L’UNEF, ses pratiques anciennes et les nouvelles

Depuis plusieurs semestres, l’Union nationale des étudiants de France, fondée en 1907, connaît à nouveau des querelles internes entre les différentes tendances politiques de la gauche. Depuis des décennies, elle fut la pépinière des pseudopodes marxistes-léninistes ou trotskystes, leur centre de recrutement et leur école politique. Puis le PS sut devenir l’allié politique privilégié, le mentor d’encadrement. Et le premier recruteur.

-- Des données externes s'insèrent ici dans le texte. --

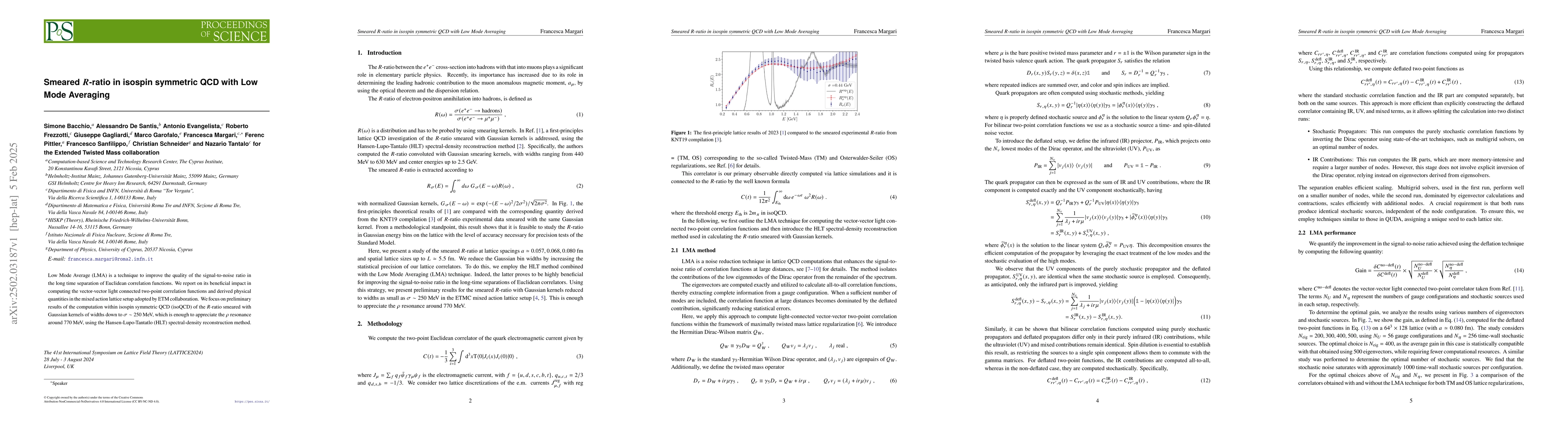 Thumbnail for Smeared $R$-ratio in isospin symmetric QCD with Low Mode Averaging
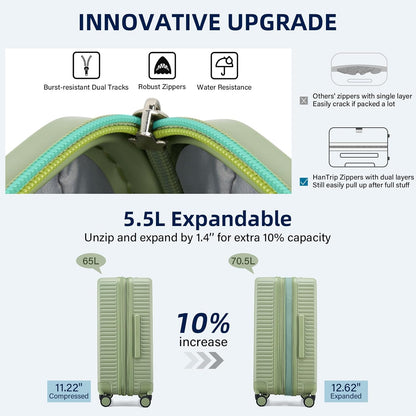 Hard Shell Suitcases Travel Expandable Luggage, 24 Inch Check in Luggage with Spinner Wheels Cup Holder Charger Built in, Checked Medium Suitcase Lightweight Suitcases, Bamboo Green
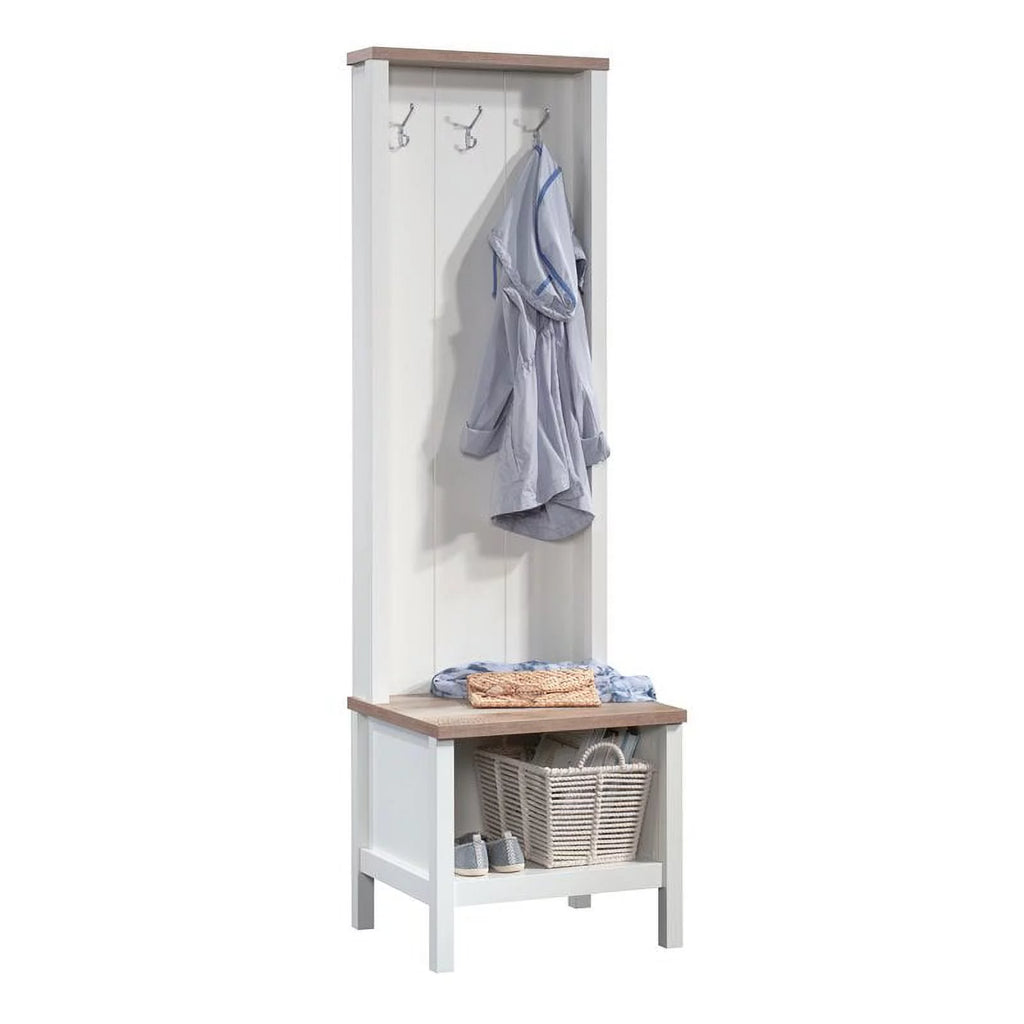 Soft White Entryway Bench with Storage S95968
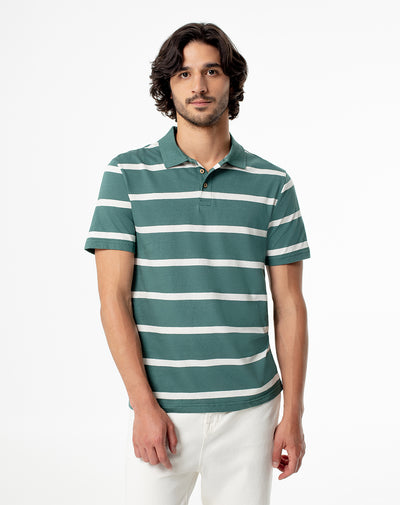 Polo slim fit verde con rayas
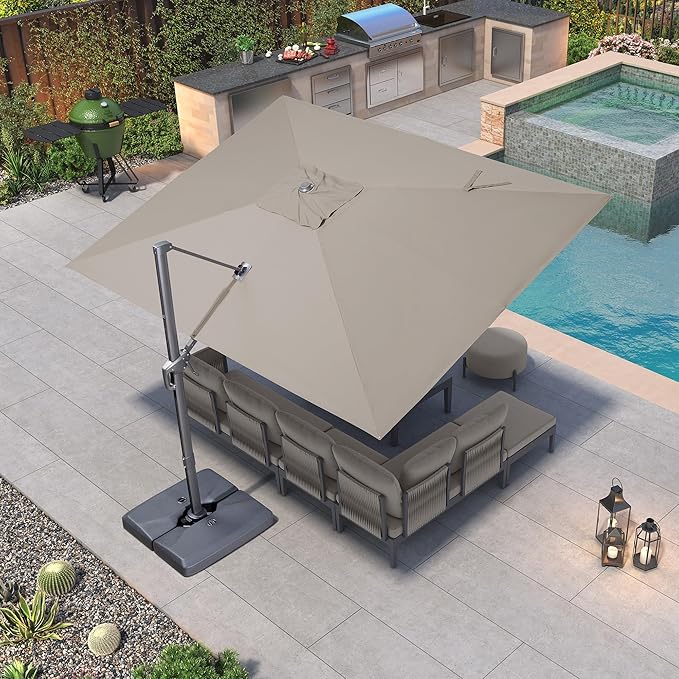 PURPLE LEAF Patio Umbrella 9' X 11.5' Rectangle Cantilever Umbrella Large Aluminum Outdoor Umbrellas with 360-degree Rotation & UPF40+ Premium Fabric for Deck Pool Garden Yard, Ash Mocha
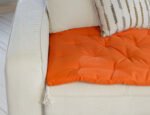 Orange Custom Size Linen Sofa Topper Slipcover Pet Friendly, Washable, Stain Resistant, Non Slip Furniture Couch Protector Sofa Pad - Image 8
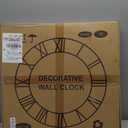 LEIKE Large Wall Clock, 24" Silent Non-Ticking, Battery Operated, Oversized, Decorative Retro Black Metal Clock for Living Room,Farmhouse, Dinner Room,Indoor, Outdoor Decor(60cm, Black Arabic Number)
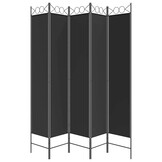 vidaXL Kamerscherm met 5 panelen 200x200 cm stof zwart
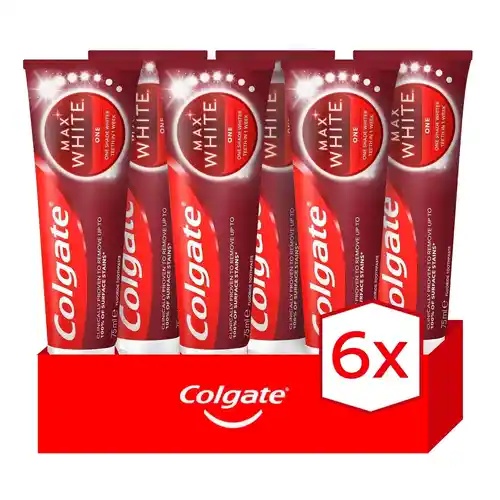 Pack de 6x Pasta de dientes blanqueadora Colgate Max White One 75ml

En 1989, il y eut un séisme dans le train-train étudiant, un concurrent fut fondé, la Fédération des associations générales étudiantes (FAGE). En février dernier, cet organisme a pris la première place en nombre d’élus aux élections étudiantes (au CNOUS et au CNESER). Les évolutions restent cependant dans les cadres les plus conformistes. En 2002 et 2017, la FAGE donna ses consignes officielles pour les seconds tours des présidentielles : faire barrage à Le Pen (père puis fille).

Revenons aux bisbilles internes de l’UNEF. Faute de mieux sans doute, dans l’organisme étudiant, on discuterait au sein de sa direction, de questions effectivement capitales : du racisme (sic), du genre, de la laïcité. Et… de tenue de réunions « non mixtes racisées »… mais aussi de l’ouverture d’une salle de prière lors du « Collectif national » (traduction en français : le parlement du syndicat).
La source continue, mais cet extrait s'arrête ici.